**Exercise details**
Starting at the line that contains "Hellblau kariert Klassisches", output each line exactly as written through the end of the listing below, but leave out the pictures.

**Input for this task**

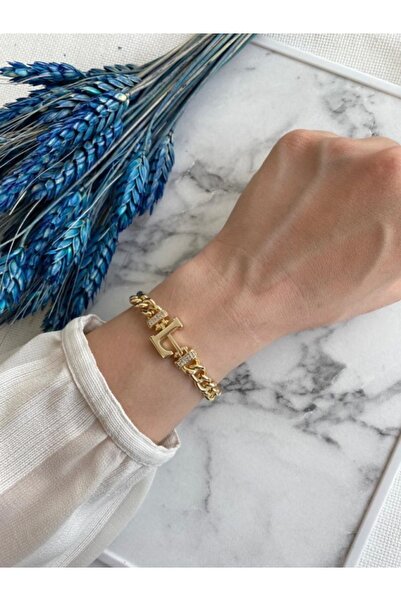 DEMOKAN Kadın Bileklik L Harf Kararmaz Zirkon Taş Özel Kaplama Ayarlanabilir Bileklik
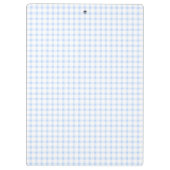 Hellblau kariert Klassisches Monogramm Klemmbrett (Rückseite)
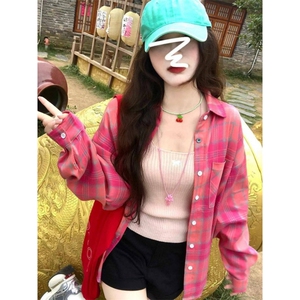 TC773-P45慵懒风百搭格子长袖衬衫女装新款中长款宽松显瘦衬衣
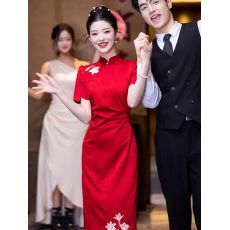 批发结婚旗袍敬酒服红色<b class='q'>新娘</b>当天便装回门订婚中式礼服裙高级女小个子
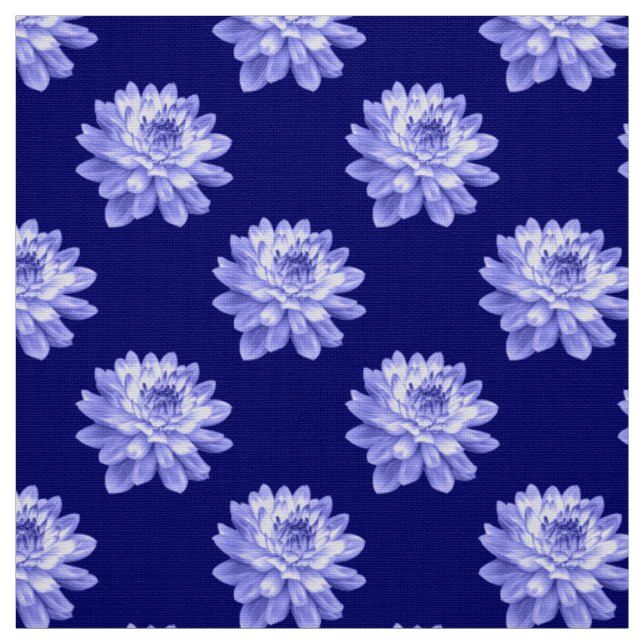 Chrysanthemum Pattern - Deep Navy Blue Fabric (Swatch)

**Response area**
 Hellblau kariert Klassisches Monogramm Klemmbrett (Rückseite)
 TC773-P45慵懒风百搭格子长袖衬衫女装新款中长款宽松显瘦衬衣
 批发结婚旗袍敬酒服红色<b class='q'>新娘</b>当天便装回门订婚中式礼服裙高级女小个子
 Chrysanthemum Pattern - Deep Navy Blue Fabric (Swatch)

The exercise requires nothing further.